Amazon Textract

Learn about Amazon Textract and pricing model

Amazon (AWS) Textract is a machine learning (ML) service that uses OCR to automatically extract text, handwriting, and data from scanned documents such as PDFs. Major Features

Optical Character Recognition (OCR)

Amazon Textract uses Optical Character Recognition (OCR) technology to automatically detect printed text, handwriting, and numbers in a scan or rendering of a document, such as a legal document or a scan of a book. 

OCR Workflow

Form Extraction

Amazon Textract enables you to detect key-value pairs in document images automatically so that you can retain the inherent context of the document without any manual intervention.

Form Extraction Workflow

Table Extraction

Amazon Textract preserves the composition of data stored in tables during extraction. 

Table Extraction Workflow

Use Cases

Amazon Textract is used for OCR, Document Analysis applications.
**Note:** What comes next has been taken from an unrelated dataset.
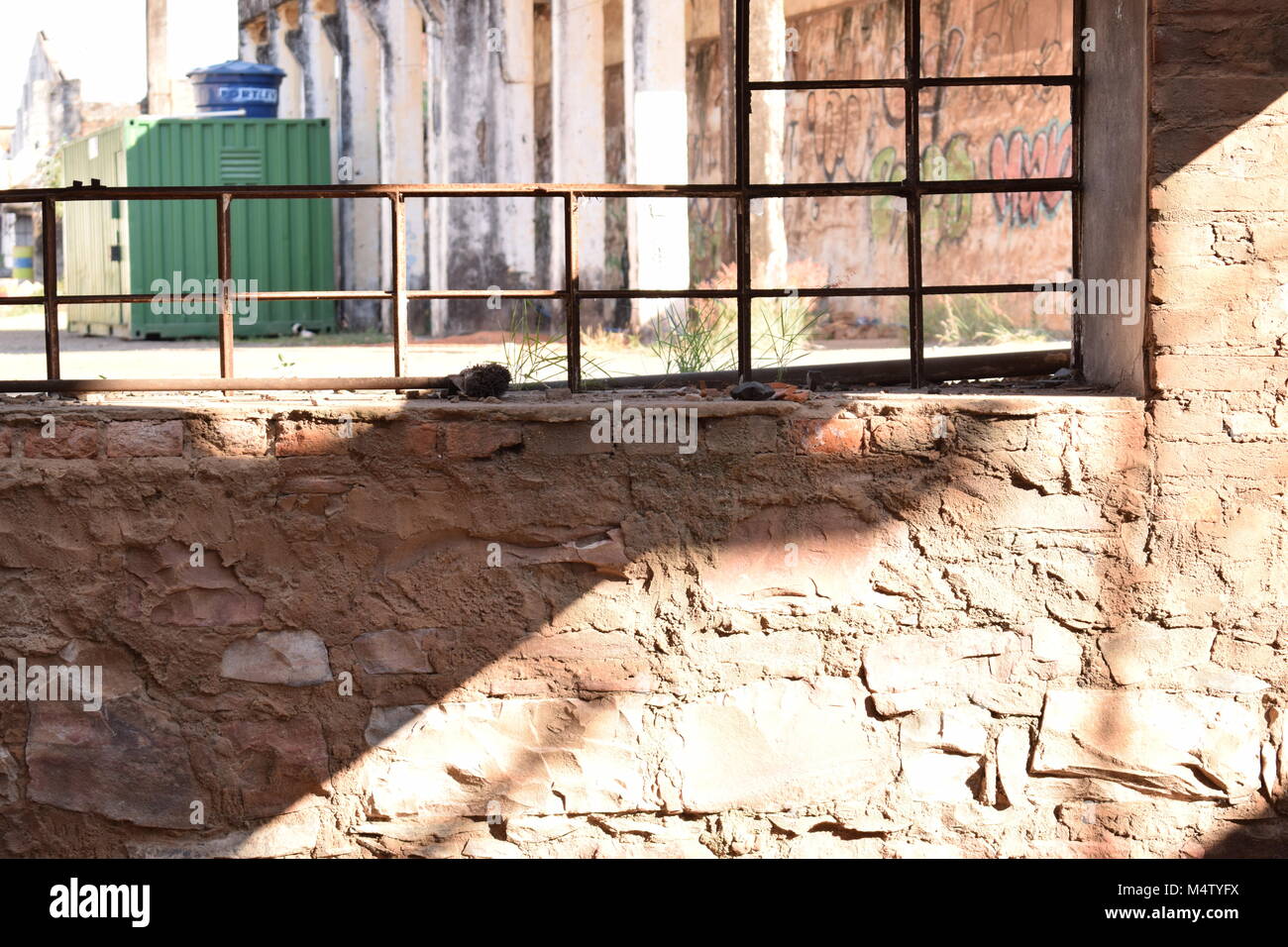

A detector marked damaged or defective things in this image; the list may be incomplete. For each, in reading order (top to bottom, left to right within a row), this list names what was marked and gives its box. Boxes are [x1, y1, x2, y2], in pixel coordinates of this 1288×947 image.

broken window frame [0, 0, 1086, 394]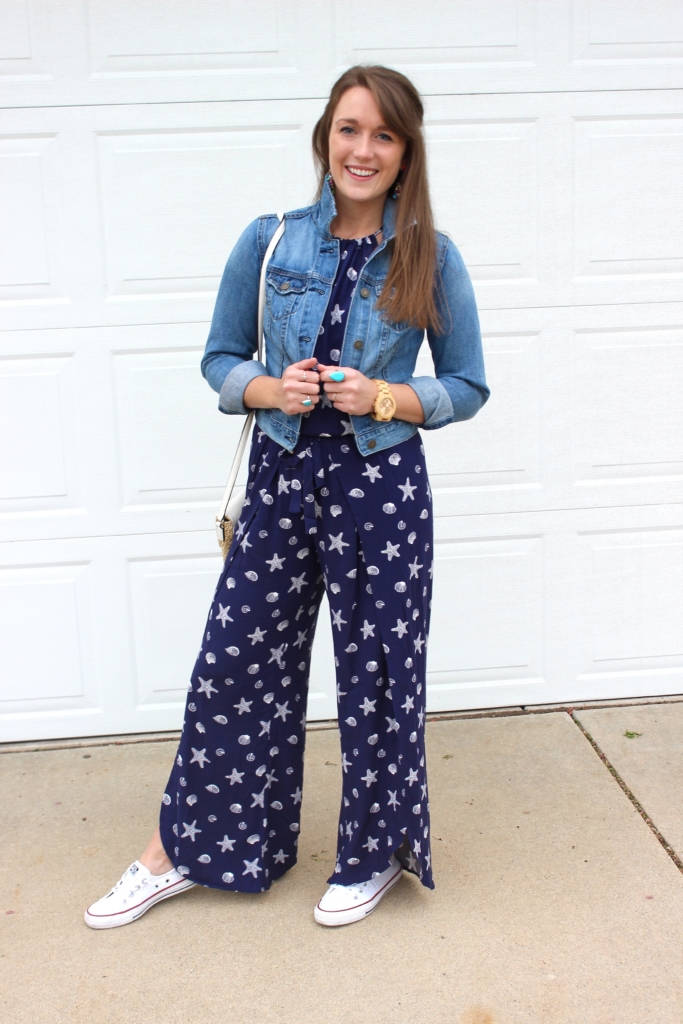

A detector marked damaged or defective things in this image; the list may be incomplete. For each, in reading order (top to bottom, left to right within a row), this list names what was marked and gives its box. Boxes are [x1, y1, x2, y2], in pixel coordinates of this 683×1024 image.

Some of the use cases are

  • Quickly extract information
  • Scan healthcare and insurance forms
  • Accelerate form processing

Getting Started

Tutorials, Documentation, Hands on Training –

Amazon Textract Pricing

Amazon Textract has three different APIs: Detect Document Text API, Analyze Document API, and Analyze Expense API.

Detect Document Text API uses OCR technology to extract text and handwriting from a provided document.

Analyze Document API has two functions, forms and tables, with different pricing levels.

Analyze Expense API extracts data from invoices and receipts.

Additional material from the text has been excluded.